Sapere è (davvero) potere: 10 libri +1 per capire il patriarcato e combattere la violenza di genere
Contro la violenza di genere, sempre.
Arianna Vignetti e la campagna contro le molestie sui mezzi pubblici: "Noi, in quanto donne, speriamo che ci rubino solo il portafoglio"
"Non è un destino.
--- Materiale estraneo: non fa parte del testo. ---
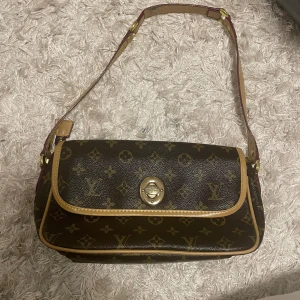 Brun axelväska med detaljer  - Snygg brun axelväska  och gulddetaljer  och elegant spänne framtill. Perfekt för att ge din outfit en lyxig touch. Bra skick släppt lite på remmen man kan trycka till med lite lim om man tycker det stör 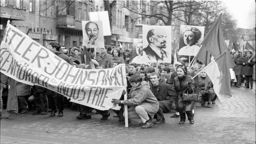 An image of a group of communist protestors with flags and picket signs, holding a demonstration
La violenza maschile contro le donne, oltre gli stereotipi", di Lella Paladino
“La violenza contro le donne è l’estrema, grossolana, scalpitante, scomposta e irriducibile manifestazione del potere maschile che se ora, qui in Occidente, resta fortemente limitato dalle norme, resiste in mille forme di legittimazione, si genera nella cultura e si nutre di nuove e vecchie visioni del mondo e della vita”.
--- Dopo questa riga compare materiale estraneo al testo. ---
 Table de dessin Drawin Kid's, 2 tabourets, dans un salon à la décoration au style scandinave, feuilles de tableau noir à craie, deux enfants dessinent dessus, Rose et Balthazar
Lella Palladino, sociologa femminista e attivista dei centri antiviolenza, ex presidente dell’associazione D.i.Re e fondatrice della cooperativa sociale E.V.A., ha scritto “Non è un destino. La violenza maschile contro le donne oltre gli stereotipi” (Donzelli Editore) nel 2020, e non smetterà presto di essere attuale. Nel libro, Palladino usa la propria esperienza nei centri antiviolenza per mostrare come essi operano e, soprattutto, come la narrazione purtroppo classica della violenza di genere taciuta può essere ribaltata attraverso la lotta della collettività e l’aiuto alle vittime.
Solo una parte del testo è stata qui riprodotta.